## Work instruction
Transcribe exactly the lines from the first line of the records through the line containing "FC experiment of HUVEC using FITC-98189", and leave out every picture.

## Provided records
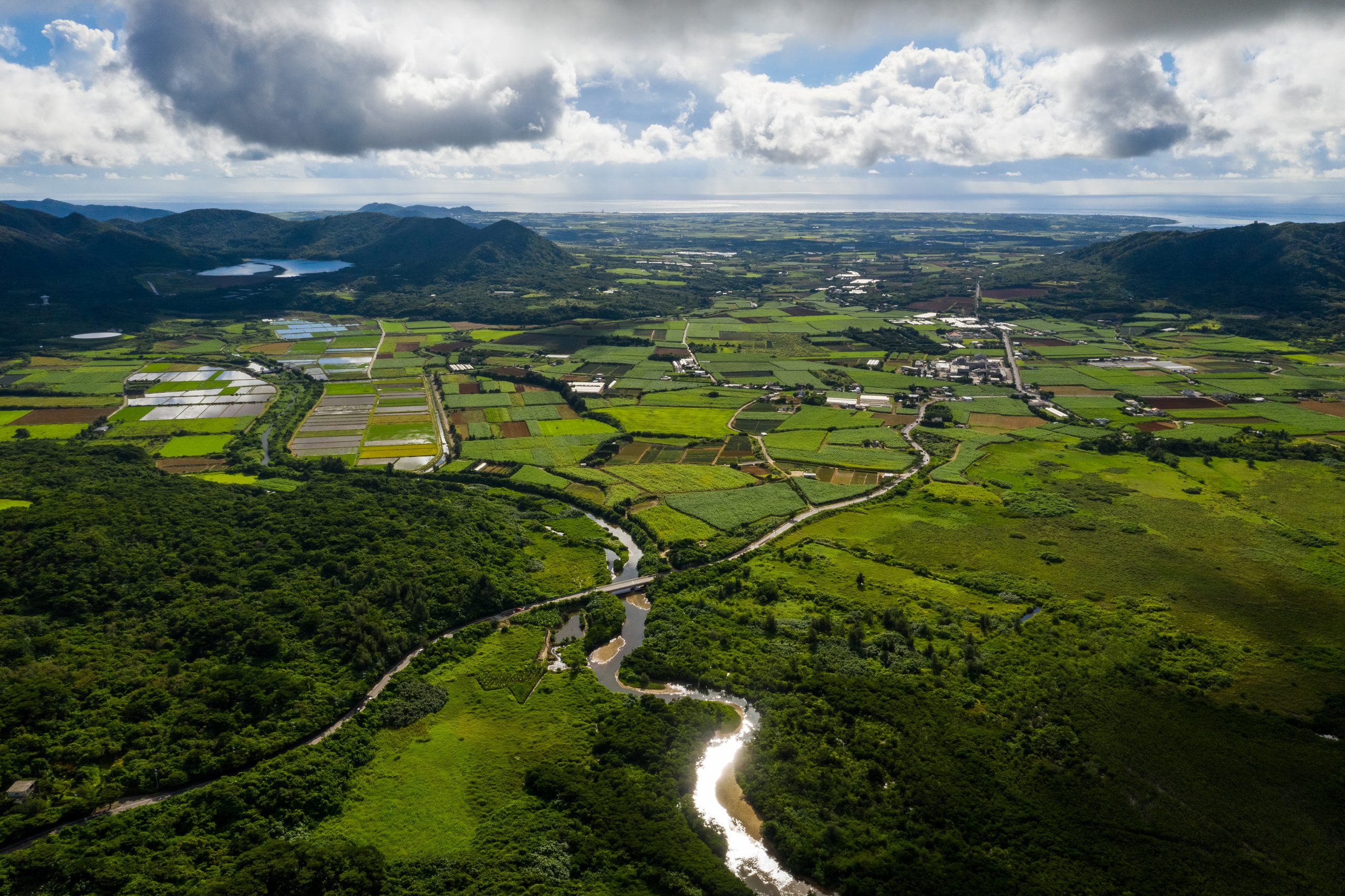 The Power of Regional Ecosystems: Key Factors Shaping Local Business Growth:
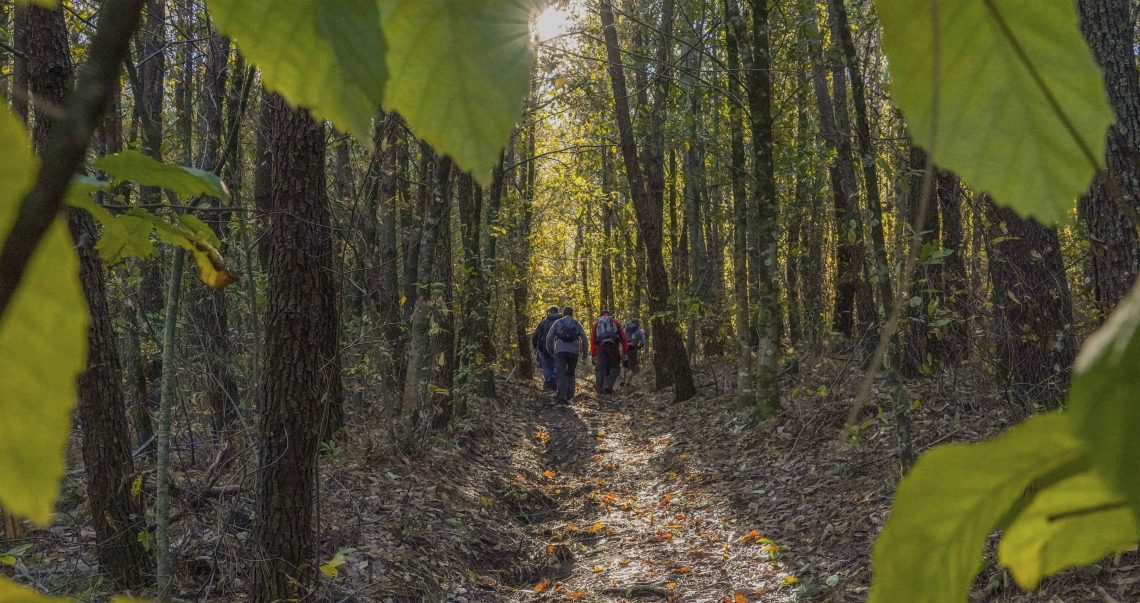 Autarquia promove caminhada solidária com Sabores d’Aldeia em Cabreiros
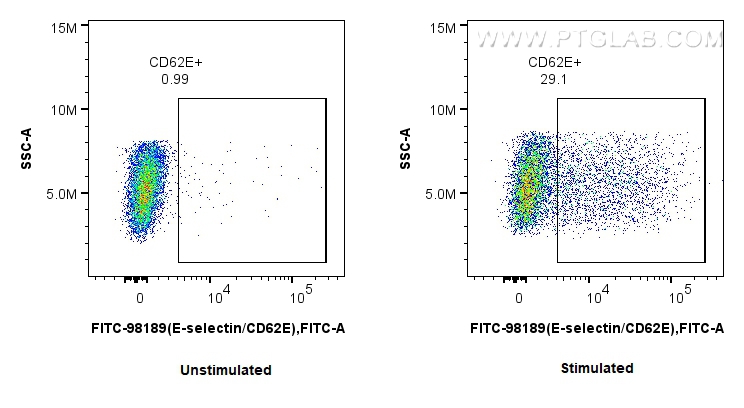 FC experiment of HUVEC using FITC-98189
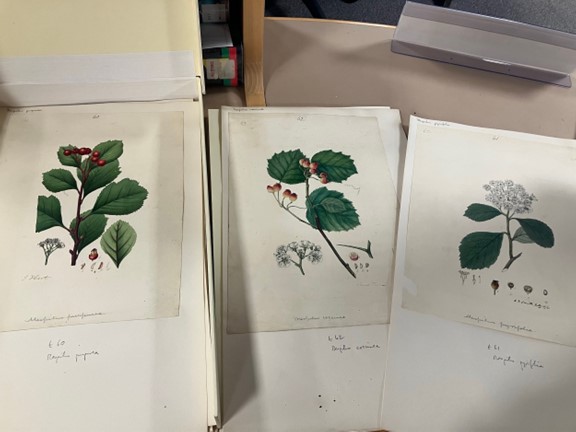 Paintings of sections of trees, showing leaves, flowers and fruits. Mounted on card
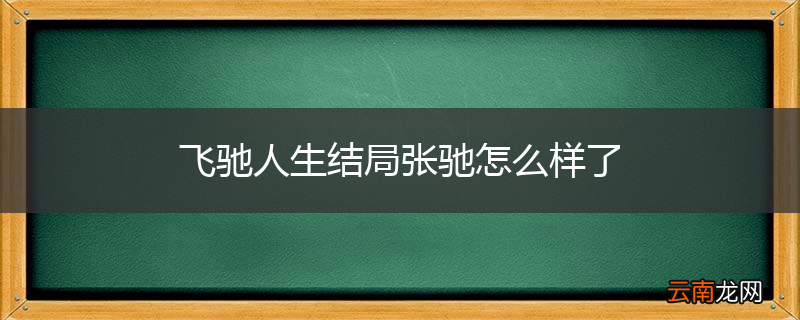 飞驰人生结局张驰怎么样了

## Worked solution
 The Power of Regional Ecosystems: Key Factors Shaping Local Business Growth:
 Autarquia promove caminhada solidária com Sabores d’Aldeia em Cabreiros
 FC experiment of HUVEC using FITC-98189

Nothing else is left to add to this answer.